En el momento estoy realizando un proyecto de automatización con el plc s7-1200 y pido ayuda para configurar una red profibus dp entre este plc y un arrancador suave sirius 3RW44 con el software tia portal V11 de siemens también. He estado mirando en google pero encuentro muy poca información al respecto.

De antemano doy las gracias por sus prontas y oportunas respuestas......


----------



## tesla (Oct 10, 2012)

Si cuentas con los hardware y software necesarios podras realizar tu comunicacion, contando con el s7-1200 que codigo es tu procesador? necesitas su modulo de comunicacion para profibus o usar el profinet que lleva integrado, necesitas el tia portal v11 o v10.5.


----------



## Luis Eduardo Sánchez (Oct 12, 2012)

Hola julian revisa este link. Ahi encontrarás todo lo que necesitas de no ser así avisame para darte una mano.

Saludos


----------



## tesla (Dic 14, 2012)

Luis Eduardo, tengo una duda con los variadores. He visto muchos planos electricos en los que en la parte de fuerza, conectan un contactor trifasico aguas arriba del variador.
Esto solo seria para la parada de emergencia? o para su arranque? tengo entendido que no es conveniente por un tema de desgaste del equipo y el motor pero no estoy seguro que sea solo por eso.


----------



## cargamsoft (Dic 14, 2012)

El contactor que colocan aguas arriba, también llamado contactor de linea lo usan tal como sospechas, para parada de emergencia ya que en algunos casos se exige que la parada de emergencia seccione al equipo de la red (netamente eléctrica), pero ha de saber que los variadores SIEMENS, en el caso de los SINAMICS G130/150 gobiernan ese contactor a traves de los bornes X9: 5 y 6.

Normalmente solo esta energizada la control unit con 24VDC y el contactor esta abierto.
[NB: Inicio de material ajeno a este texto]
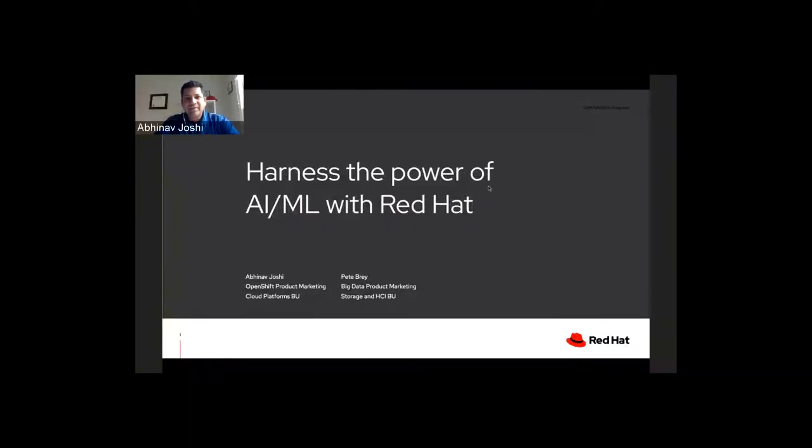Hi everyone, this is Abhinav Jershi, the product marketing lead for AI/ML on OpenShift at Red Hat. Today we'll be talking about how you can harness the power of AI/ML with the Red Hat portfolio of technologies and integrated solutions. Feel free to interrupt if you have any questions.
Cuando recibe una orden de arranque, sea cual sea la fuente de mandos seleccionada, el power module manda a cerrar este contactor a través de los bornes mencionados, se realiza la carga de la tension DC, enciende el blower e inmediatamente entra en servicio.

Espero haberte ayudado en algo

saludos

Como dato adicional, la parada de emergencia esta cableado en serie con el circuito de control del contactor de red, de forma que lo pueda aperturar. Esta parada de emergencia no solo puede ser el pulsador tipo hongo, sino también puede provenir de algún pull cord, de algún rele de seguridad, etc.

saludos


----------